Wind in Spain

Recent reports from Spain indicated that a record amount of wind was integrated into the grid. Wind supplied 53% of total demand on November 8th.

Wind already supplies 14% of Spain’s electricity on average. This compares with Ontario at 2%. Denmark is often held up as the model of wind supply, with 20% from wind. Denmark has strong links to its neighbours, including Germany, Sweden, and Norway, and can import or export up to 50% of its power, which allows them to export in high supply times. Norway in particular has a lot of hydroelectric storage, and so imports from Denmark allow them to build their water levels in the reservoirs.

Spain, by contrast, is an electricity peninsula, with only weak links to neighbouring France, and an ability to import/export less than 1/10th as much as Denmark. So how does Spain manage to have so much power from wind? It is pretty simple, really. Spain has significant amounts of hydroelectric resources, including pumped storage. When winds are high, pumps lift water to a reservoir, and release it during times of light winds or high demand. The pumped storage and hydroelectric stations provide a buffer that not only compliments wind energy, but also accomodates swings in demand.
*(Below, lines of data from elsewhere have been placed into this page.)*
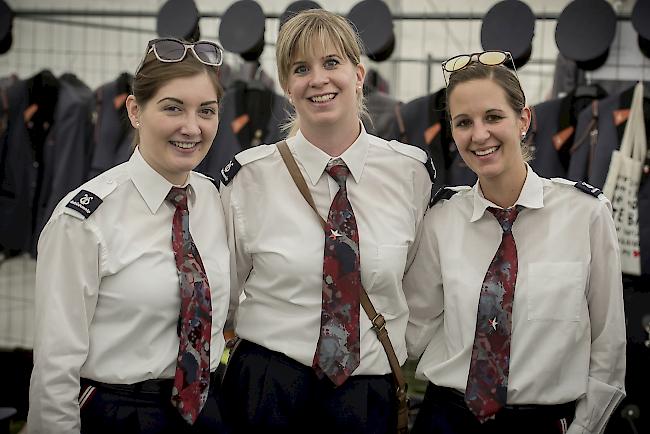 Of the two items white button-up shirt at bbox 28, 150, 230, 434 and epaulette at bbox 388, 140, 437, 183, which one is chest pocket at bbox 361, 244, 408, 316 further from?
white button-up shirt at bbox 28, 150, 230, 434

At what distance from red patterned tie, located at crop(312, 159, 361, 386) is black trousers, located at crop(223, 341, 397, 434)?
57mm

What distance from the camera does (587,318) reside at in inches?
79.3

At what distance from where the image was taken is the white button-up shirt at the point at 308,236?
6.68 ft

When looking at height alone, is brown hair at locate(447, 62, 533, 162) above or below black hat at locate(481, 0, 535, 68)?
below

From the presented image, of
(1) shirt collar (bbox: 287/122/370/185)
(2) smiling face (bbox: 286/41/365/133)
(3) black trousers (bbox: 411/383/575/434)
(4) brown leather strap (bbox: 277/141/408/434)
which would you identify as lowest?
(3) black trousers (bbox: 411/383/575/434)

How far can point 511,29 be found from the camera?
314cm

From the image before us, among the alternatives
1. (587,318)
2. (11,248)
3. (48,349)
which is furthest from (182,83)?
(11,248)

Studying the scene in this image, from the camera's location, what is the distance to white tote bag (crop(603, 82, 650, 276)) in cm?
286

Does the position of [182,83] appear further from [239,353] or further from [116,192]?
[239,353]

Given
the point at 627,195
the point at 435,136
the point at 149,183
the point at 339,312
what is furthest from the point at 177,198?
the point at 627,195

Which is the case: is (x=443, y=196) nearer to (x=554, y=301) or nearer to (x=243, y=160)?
(x=554, y=301)

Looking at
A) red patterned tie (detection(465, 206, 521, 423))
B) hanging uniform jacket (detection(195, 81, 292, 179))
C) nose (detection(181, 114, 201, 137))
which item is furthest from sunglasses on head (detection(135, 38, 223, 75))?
hanging uniform jacket (detection(195, 81, 292, 179))

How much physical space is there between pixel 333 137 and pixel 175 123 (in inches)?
19.1

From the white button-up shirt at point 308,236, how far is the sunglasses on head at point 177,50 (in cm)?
35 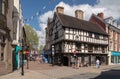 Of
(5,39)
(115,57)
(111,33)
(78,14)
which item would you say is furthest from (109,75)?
(115,57)

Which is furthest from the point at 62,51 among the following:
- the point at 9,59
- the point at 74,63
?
the point at 9,59

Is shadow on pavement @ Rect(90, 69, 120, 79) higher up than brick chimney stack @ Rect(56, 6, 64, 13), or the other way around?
brick chimney stack @ Rect(56, 6, 64, 13)

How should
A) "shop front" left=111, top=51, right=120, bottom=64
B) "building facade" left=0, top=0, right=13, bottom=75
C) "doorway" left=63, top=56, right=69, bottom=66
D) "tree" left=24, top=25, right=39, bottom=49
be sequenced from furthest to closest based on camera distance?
"tree" left=24, top=25, right=39, bottom=49 < "shop front" left=111, top=51, right=120, bottom=64 < "doorway" left=63, top=56, right=69, bottom=66 < "building facade" left=0, top=0, right=13, bottom=75

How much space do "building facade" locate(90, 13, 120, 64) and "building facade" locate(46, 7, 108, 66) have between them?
113 inches

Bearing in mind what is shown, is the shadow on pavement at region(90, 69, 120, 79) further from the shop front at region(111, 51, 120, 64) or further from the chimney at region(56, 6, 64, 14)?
the shop front at region(111, 51, 120, 64)

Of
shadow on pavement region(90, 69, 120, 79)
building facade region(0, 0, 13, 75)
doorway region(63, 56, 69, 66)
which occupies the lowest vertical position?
shadow on pavement region(90, 69, 120, 79)

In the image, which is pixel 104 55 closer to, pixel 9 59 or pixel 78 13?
pixel 78 13

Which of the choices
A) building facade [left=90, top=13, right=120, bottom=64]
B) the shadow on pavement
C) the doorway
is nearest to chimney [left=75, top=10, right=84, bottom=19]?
building facade [left=90, top=13, right=120, bottom=64]

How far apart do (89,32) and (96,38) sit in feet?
8.23

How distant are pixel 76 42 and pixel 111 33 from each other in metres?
14.1

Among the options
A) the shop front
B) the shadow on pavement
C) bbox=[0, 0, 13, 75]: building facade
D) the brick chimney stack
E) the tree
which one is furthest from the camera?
the tree

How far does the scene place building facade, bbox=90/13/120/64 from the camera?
44656mm

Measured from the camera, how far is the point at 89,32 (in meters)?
38.1

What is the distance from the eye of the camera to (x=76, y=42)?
35031 mm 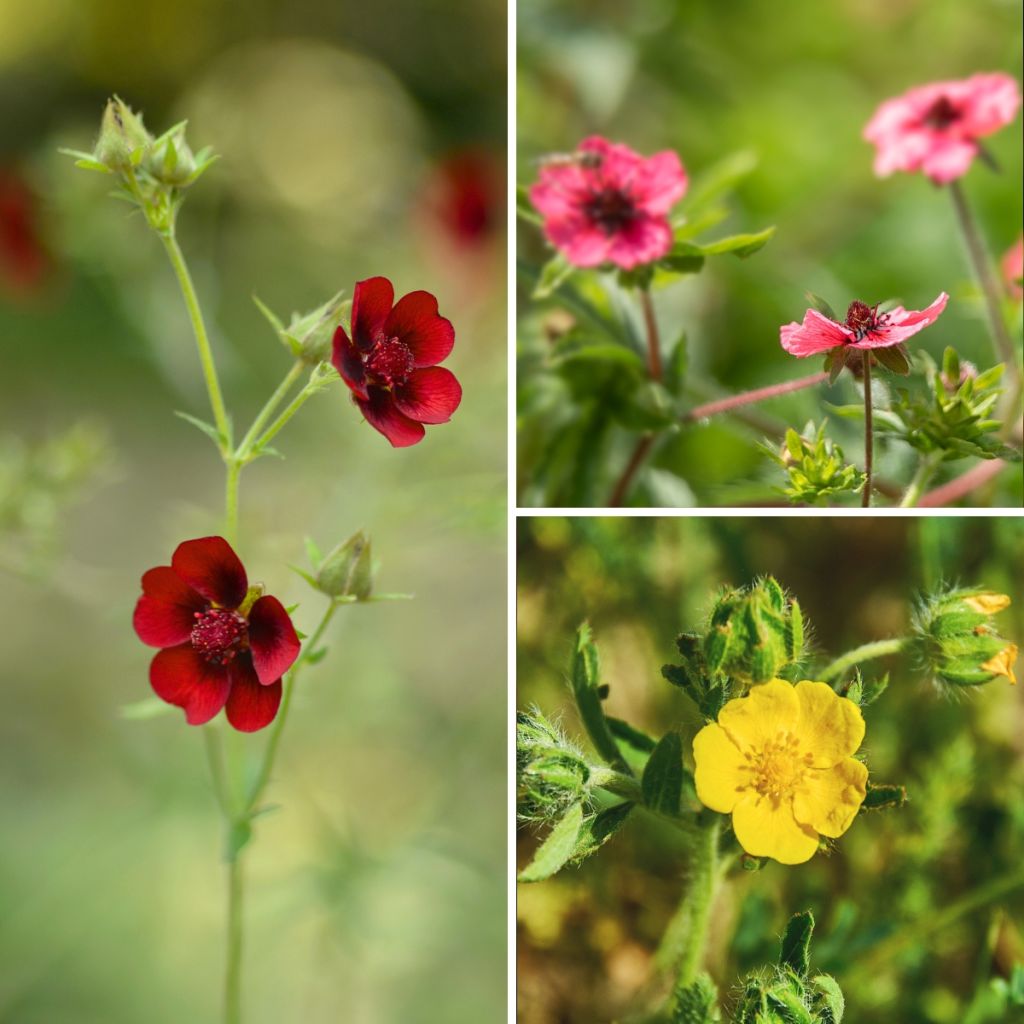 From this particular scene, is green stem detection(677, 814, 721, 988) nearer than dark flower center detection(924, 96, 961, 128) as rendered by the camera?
Yes

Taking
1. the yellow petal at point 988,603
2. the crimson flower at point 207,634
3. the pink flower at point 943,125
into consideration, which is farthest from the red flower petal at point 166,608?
the pink flower at point 943,125

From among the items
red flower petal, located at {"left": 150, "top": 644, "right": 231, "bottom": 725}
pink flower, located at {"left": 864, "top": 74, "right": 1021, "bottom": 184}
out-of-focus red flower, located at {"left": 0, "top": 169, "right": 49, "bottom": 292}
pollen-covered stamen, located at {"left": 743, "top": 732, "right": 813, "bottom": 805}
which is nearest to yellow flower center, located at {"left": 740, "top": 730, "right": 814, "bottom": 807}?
pollen-covered stamen, located at {"left": 743, "top": 732, "right": 813, "bottom": 805}

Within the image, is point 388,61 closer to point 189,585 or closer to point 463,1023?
point 463,1023

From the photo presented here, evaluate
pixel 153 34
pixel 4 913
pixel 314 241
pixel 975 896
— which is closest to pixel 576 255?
pixel 975 896

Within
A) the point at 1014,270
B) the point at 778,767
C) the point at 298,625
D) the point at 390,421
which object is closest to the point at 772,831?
the point at 778,767

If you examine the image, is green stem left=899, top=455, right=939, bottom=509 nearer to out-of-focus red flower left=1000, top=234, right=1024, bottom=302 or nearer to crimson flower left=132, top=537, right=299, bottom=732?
out-of-focus red flower left=1000, top=234, right=1024, bottom=302

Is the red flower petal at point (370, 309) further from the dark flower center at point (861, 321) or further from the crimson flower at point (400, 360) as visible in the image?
the dark flower center at point (861, 321)

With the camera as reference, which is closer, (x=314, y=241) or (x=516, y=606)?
(x=516, y=606)

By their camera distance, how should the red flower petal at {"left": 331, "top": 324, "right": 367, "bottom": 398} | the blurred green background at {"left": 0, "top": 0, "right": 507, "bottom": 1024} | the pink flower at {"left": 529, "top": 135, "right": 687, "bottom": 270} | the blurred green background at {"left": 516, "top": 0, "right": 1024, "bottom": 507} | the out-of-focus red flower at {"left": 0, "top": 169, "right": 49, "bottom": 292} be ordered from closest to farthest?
1. the red flower petal at {"left": 331, "top": 324, "right": 367, "bottom": 398}
2. the pink flower at {"left": 529, "top": 135, "right": 687, "bottom": 270}
3. the blurred green background at {"left": 516, "top": 0, "right": 1024, "bottom": 507}
4. the blurred green background at {"left": 0, "top": 0, "right": 507, "bottom": 1024}
5. the out-of-focus red flower at {"left": 0, "top": 169, "right": 49, "bottom": 292} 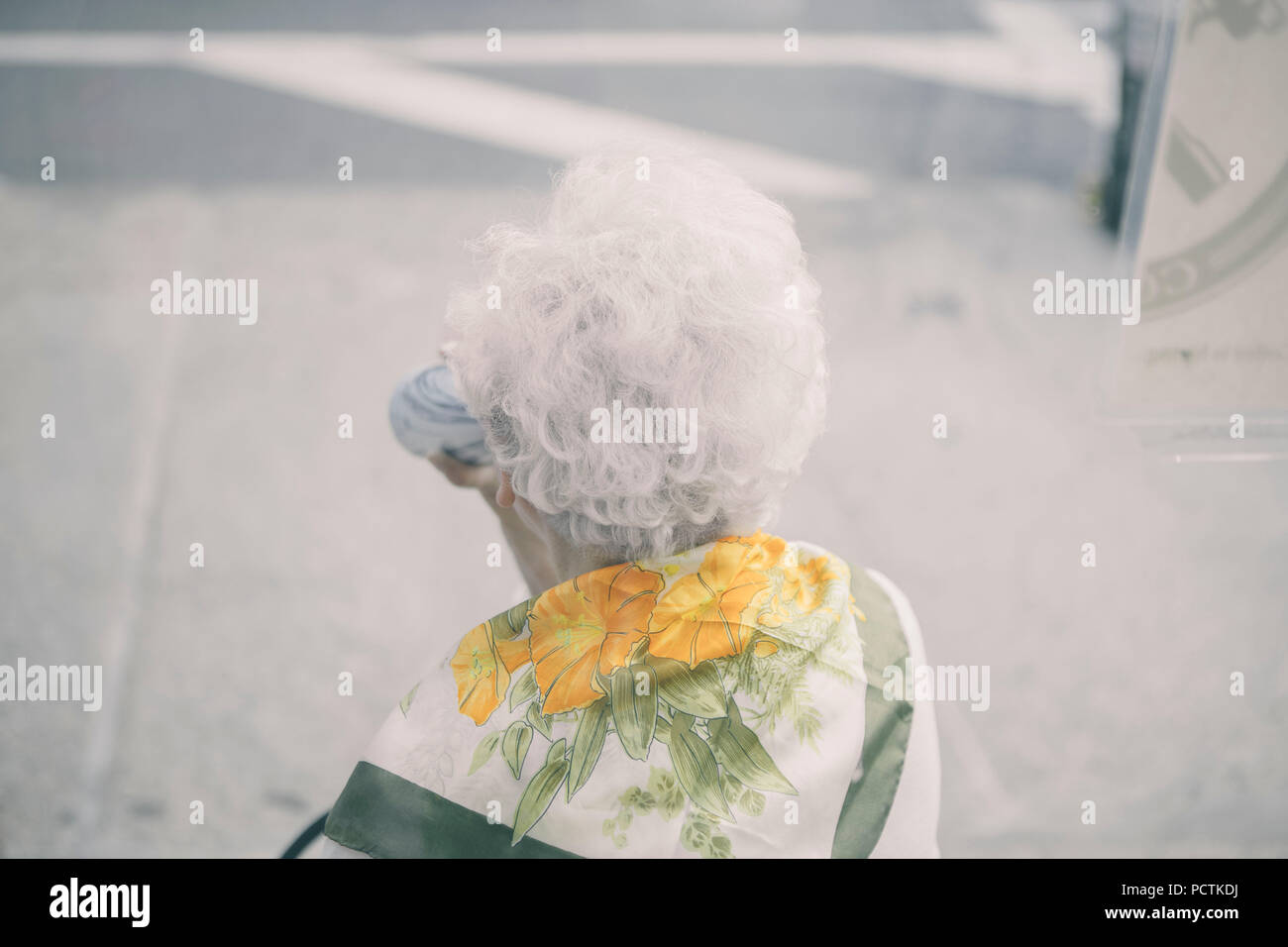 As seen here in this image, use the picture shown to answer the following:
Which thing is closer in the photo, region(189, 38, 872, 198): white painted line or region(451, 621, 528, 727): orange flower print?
region(451, 621, 528, 727): orange flower print

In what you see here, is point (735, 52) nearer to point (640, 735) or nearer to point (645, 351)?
point (645, 351)

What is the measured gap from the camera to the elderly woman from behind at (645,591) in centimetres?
121

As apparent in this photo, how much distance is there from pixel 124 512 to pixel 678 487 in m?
2.72

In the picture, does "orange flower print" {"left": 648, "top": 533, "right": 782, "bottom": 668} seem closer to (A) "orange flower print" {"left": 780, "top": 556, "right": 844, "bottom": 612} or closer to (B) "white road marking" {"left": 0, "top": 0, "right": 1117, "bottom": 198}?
(A) "orange flower print" {"left": 780, "top": 556, "right": 844, "bottom": 612}

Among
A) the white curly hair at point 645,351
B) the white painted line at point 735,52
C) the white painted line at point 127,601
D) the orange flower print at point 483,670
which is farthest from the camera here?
the white painted line at point 735,52

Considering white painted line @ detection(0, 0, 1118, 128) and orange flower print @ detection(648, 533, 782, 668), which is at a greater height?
white painted line @ detection(0, 0, 1118, 128)

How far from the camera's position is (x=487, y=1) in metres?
7.12

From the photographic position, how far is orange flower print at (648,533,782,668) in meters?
1.27

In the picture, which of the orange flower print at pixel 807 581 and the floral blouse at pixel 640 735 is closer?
the floral blouse at pixel 640 735

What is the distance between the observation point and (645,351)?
3.86ft

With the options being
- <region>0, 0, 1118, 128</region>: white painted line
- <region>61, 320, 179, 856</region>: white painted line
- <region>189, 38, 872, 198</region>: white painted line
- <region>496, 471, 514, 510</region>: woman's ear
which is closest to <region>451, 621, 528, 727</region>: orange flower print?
<region>496, 471, 514, 510</region>: woman's ear

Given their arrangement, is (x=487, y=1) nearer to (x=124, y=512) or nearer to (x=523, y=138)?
(x=523, y=138)

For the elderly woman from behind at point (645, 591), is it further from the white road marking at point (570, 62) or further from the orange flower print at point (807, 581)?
the white road marking at point (570, 62)

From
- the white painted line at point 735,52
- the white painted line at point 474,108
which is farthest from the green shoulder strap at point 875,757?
the white painted line at point 735,52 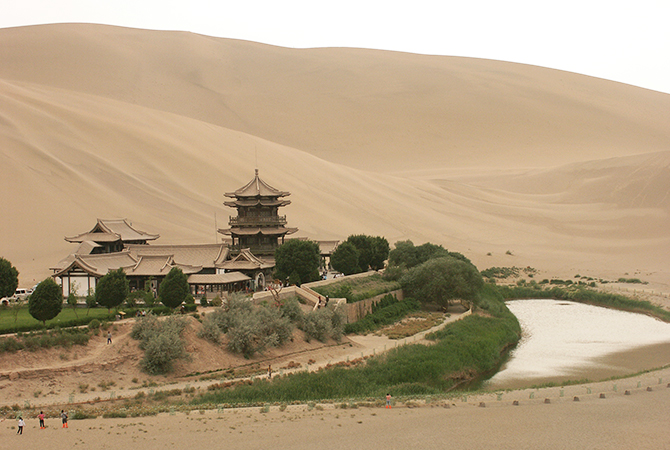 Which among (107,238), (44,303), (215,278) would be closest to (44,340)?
(44,303)

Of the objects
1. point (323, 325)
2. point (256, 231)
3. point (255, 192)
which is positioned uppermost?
point (255, 192)

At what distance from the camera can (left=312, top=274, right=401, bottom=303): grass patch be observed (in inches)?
1459

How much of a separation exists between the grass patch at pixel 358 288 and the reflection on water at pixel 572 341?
7.46m

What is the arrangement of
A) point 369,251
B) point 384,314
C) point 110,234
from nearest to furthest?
1. point 384,314
2. point 110,234
3. point 369,251

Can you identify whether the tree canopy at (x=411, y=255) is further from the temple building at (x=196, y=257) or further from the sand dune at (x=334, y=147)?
the sand dune at (x=334, y=147)

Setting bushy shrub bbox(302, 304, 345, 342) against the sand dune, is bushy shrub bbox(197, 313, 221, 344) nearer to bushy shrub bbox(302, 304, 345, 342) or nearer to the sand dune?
bushy shrub bbox(302, 304, 345, 342)

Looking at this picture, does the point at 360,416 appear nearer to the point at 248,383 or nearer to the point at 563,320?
the point at 248,383

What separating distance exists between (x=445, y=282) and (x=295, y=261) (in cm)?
809

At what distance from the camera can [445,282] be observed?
41219 millimetres

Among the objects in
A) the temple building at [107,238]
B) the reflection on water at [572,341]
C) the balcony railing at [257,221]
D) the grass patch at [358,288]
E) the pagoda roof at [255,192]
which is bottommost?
the reflection on water at [572,341]

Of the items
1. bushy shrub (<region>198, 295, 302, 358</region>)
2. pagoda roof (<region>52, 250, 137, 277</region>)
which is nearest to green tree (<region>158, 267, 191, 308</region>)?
bushy shrub (<region>198, 295, 302, 358</region>)

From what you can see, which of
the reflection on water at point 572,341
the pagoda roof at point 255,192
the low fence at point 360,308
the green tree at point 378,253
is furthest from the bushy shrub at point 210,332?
the green tree at point 378,253

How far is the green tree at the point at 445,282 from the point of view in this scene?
41094 millimetres

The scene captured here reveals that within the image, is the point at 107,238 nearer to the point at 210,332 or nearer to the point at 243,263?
the point at 243,263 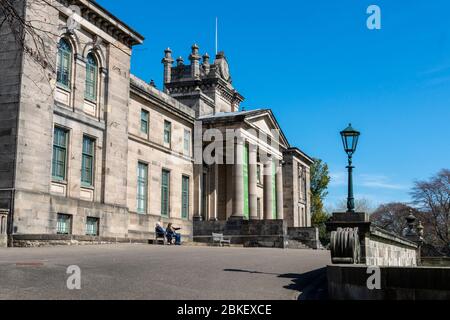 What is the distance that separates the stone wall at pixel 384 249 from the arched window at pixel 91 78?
1687 centimetres

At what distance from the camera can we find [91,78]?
29875 millimetres

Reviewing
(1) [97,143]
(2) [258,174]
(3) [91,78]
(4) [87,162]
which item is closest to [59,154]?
(4) [87,162]

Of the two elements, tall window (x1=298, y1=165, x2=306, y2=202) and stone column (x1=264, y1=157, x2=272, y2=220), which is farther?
tall window (x1=298, y1=165, x2=306, y2=202)

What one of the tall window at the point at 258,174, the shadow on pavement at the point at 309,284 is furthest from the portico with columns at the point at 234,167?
the shadow on pavement at the point at 309,284

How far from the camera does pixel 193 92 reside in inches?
2000

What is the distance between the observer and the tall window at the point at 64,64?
27203 millimetres

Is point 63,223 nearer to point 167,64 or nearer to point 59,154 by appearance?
point 59,154

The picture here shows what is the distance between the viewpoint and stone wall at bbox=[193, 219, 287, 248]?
3981 centimetres

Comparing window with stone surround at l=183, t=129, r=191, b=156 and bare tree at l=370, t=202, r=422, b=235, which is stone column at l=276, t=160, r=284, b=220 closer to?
window with stone surround at l=183, t=129, r=191, b=156

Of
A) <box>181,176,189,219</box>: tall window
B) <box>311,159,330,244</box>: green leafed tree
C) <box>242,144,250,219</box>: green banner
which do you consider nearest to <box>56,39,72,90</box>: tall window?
<box>181,176,189,219</box>: tall window

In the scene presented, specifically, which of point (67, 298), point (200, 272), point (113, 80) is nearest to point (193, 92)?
point (113, 80)

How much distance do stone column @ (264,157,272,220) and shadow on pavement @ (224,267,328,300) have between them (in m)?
34.6

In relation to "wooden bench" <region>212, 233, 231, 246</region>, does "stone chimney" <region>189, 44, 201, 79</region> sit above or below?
above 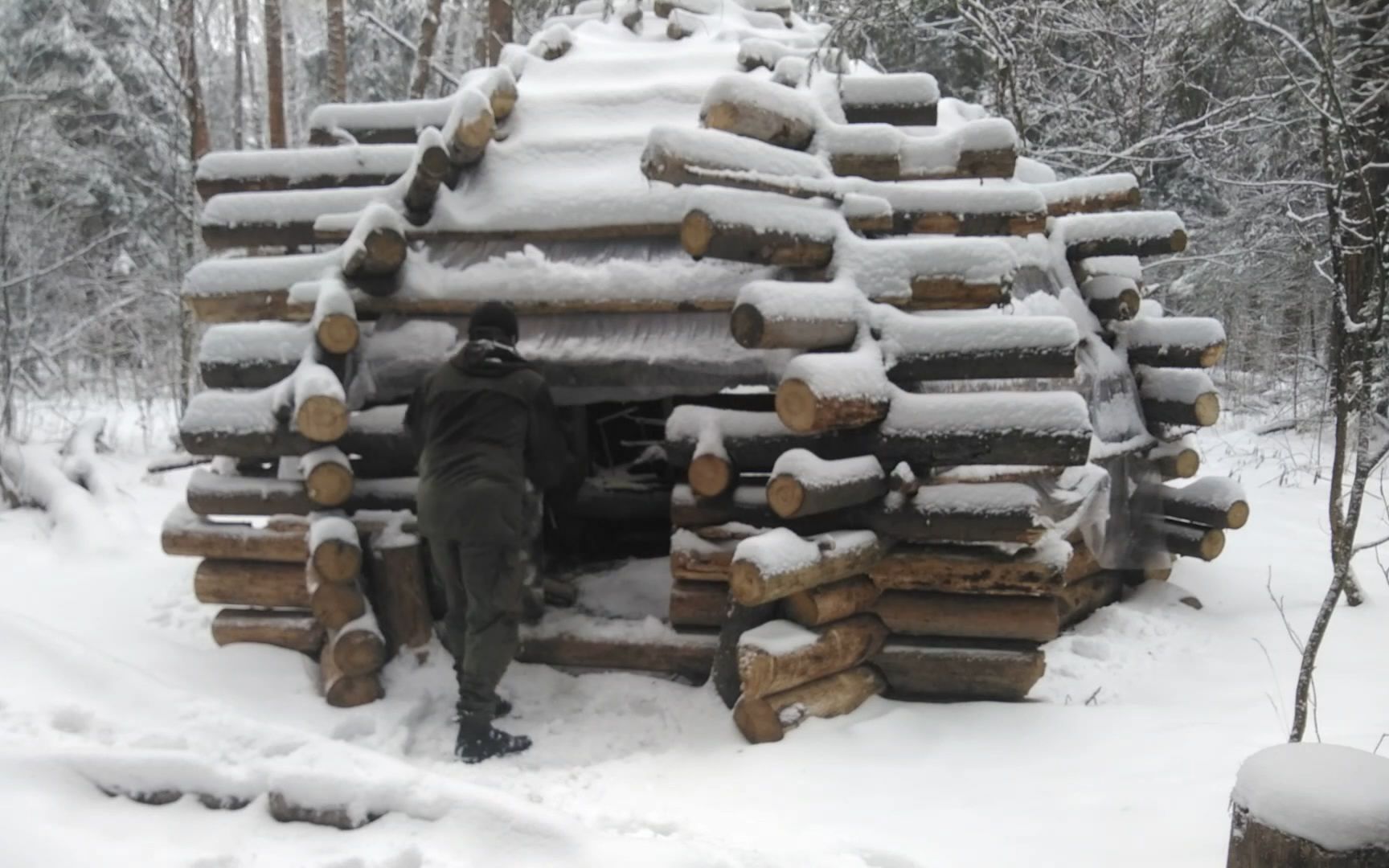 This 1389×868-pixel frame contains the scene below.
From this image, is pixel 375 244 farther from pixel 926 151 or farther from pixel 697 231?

25% of Ontario supply already comes from water power. And we already use this to accomodate swings in demand. Right now, for example, water is supplying 4800 MW in Ontario, compared to about 3000 MW last night. So accomodating a lot more wind in Ontario is already easy, with no changes in the rest of the system. We also have significant connections to New York State, Quebec (with a lot of water power storage), and smaller links to Manitoba, Minnesota and Michigan. We are far more connected than Spain.

A recent article on this provides more information.

A quote from the article: “Those that oppose wind power… say that wind is so unreliable as to be useless. They parade a vision of gas-powered power stations generating spare electricity just in case the wind suddenly drops. The reduction in carbon emissions is negligible, they claim, and the cost of installing turbines is huge.

None of this is true. The Spanish case histories in this article show that good grid management can integrate very large amounts of wind energy with few problems, provided that pumped storage and hydraulic power can be used for storage and international connections enable easy export and import. Second, the carbon emissions from Spanish electricity production during the peak hours of 8/9 November are calculated by REE at about 145 grammes per kilowatt hour, about a quarter of typical UK electricity. Using wind power in large volumes substantially reduces the carbon dioxide produced in electricity generation.”

We should always draw on international experience. And that experience suggests that Ontario can go a long ways further to integrating wind into the grid.